Aside from Xi, the “Five Years” exhibit had few mentions or photos of other top Communist Party leaders, and only cursory video clips of Jiang Zemin and Hu Jintao — party leaders from 1989 to 2012.

The less seen of Jiang and Hu the better, said Lu, the former wastewater worker who admired Xi’s anti-corruption campaign. China’s economy was always bound to develop, so those leaders did not deserve much credit for steering the country’s opening and growth, Lu said.

Instead, Jiang and Hu let elite corruption fester until Xi cleaned it up on behalf of the people, said Lu, who worked for decades in the oil fields of Jilin province in northeast China.

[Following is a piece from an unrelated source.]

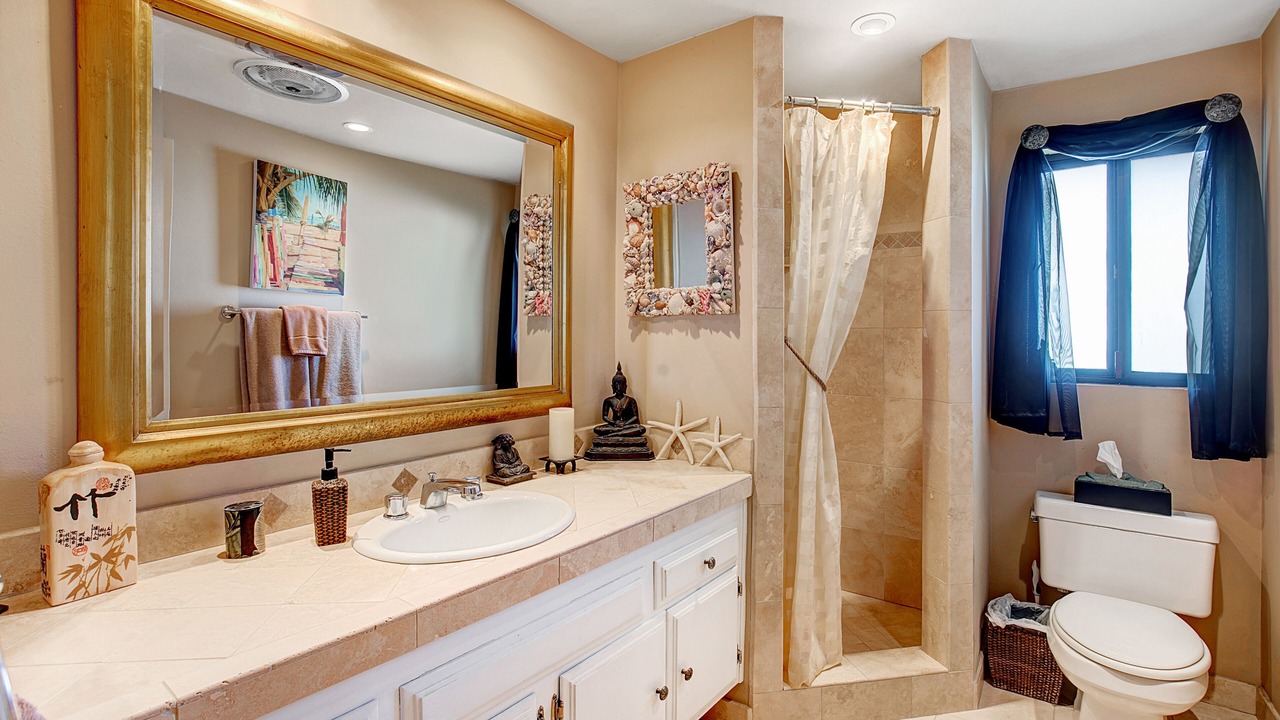 Photo of Bathroom in Western Malibu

Lu also admired Xi’s muscular presence on the international stage compared to China’s previous timidity. One example, he said, was China’s response when US bombs in 1999 hit the Chinese Embassy in Belgrade, Serbia, killing three Chinese reporters. The US said it was a mistake due to faulty targeting, but the Chinese public responded with outrage.

“How did Jiang Zemin react when a US missile hit us?” Lu said. “He didn’t dare to make a noise — not even fart!”

Then Lu walked out of the hall, past a massive red-and-yellow banner, 10 meters (yards) high and 40 meters across, erected directly in front of the exhibition entrance.

Unite around the leadership of Xi Jinping as the core, it said, to “ceaselessly advance the great mission of socialism with Chinese characteristics.”